Which assistant should you choose?#
The tests show that each tool can do the job. The right choice depends on your workflow, project, and priorities.
Choose Claude Code for autonomous power#
Choose Claude when you need to delegate a large, complex task. It excels at architectural refactors, dependency upgrades, and other work that spans multiple files. It is the best choice for developers who are comfortable on the command line and trust an AI to work autonomously. A solid test suite is your best friend when working this way.
Choose OpenAI Codex for versatility#
Choose Codex when you need a versatile consultant. Its broad knowledge benefits full-stack developers who switch contexts frequently. Its ability to work separately in an isolated sandbox on the cloud is great, especially when you are working across multiple projects.
Choose Gemini Code Assist for smooth integration#
Choose Gemini Code Assist when you want a constant pair programmer.

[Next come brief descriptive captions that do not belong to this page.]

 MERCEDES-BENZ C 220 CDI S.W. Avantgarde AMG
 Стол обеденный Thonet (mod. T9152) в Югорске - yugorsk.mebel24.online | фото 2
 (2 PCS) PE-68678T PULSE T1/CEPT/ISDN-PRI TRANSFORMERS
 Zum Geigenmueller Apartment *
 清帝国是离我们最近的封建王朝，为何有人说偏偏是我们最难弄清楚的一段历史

It is ideal for frontend development and teams that want to augment their existing workflow without leaving the IDE. Its interactive nature means it sometimes needs more guidance on complex tasks, but its safety-first approach and free tier make it a fantastic, low-risk tool for daily use.
The bottom line
The right choice depends on your role and what you are building.

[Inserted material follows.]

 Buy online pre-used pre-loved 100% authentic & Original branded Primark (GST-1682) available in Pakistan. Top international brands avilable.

Developer Persona | Primary Pain Point | Recommended Assistant | Why It Wins |
Backend and devOps specialist | Complex system management, large-scale automation. | Claude Code | Its massive context window and scriptable, agentic nature are perfect for processing huge log files, refactoring infrastructure as code, and automating CI/CD tasks. |
Full-stack polyglot | Constant context-switching between languages and frameworks. | OpenAI Codex | Its broad general knowledge, powered by GPT-4, makes it the best choice for jumping between different tech stacks and getting quick, accurate answers. |
Product-focused frontend developer | Maintaining flow while building UIs in an IDE. | Gemini Code Assist | The seamless in-editor experience accelerates the core component creation loop. Its free tier makes it a no-brainer for individuals and small teams. |
Engineering manager/tech lead | Team productivity, budget, risk, and code quality. | A mix of tools | Equip the whole team with Gemini for daily productivity (low cost, high safety). Provide Claude or Codex licenses to senior engineers for strategic technical debt reduction and major project acceleration. |
There is no single “best” tool. You are choosing a specific kind of teammate.
Claude Code is the autonomous expert you delegate to.
OpenAI Codex is the knowledgeable consultant you brainstorm with.
Gemini Code Assist is the diligent pair programmer who helps with every line of code.
Start with the tool that addresses your biggest point of friction, and keep experimenting.
AI as a partner, not a replacement#
These AI coding assistants are not replacements for developers. They are powerful amplifiers of our skills. They automate tedious tasks, accelerate complex work, and act as readily available resources of knowledge.
The real skill now is learning which tool to pick for the work at hand. These tools are being updated constantly, so my best advice is to start experimenting now. Pick the tool that matches your workflow, use it for a week, and see how it changes the way you work.
Want to go deeper? Here’s a curated list of our best-selling AI assistant courses. Explore them to build your skills now!
By letting these AI assistants handle the routine tasks, we free ourselves to focus on the core aspects of software engineering: creativity, architectural vision, and a deep understanding of the problems we are trying to solve. The future of coding is collaborative, and our new teammates are AI-powered.
My two cents: While tools can change, many of the principles remain the same: invest in your test suites (so AI can use them), maintain good documentation (AI can read that too!), and treat AI suggestions with healthy skepticism and thorough testing. When used wisely, these AI coding assistants can significantly speed up development and improve code quality, but they are most powerful in the hands of developers who understand their strengths and limitations.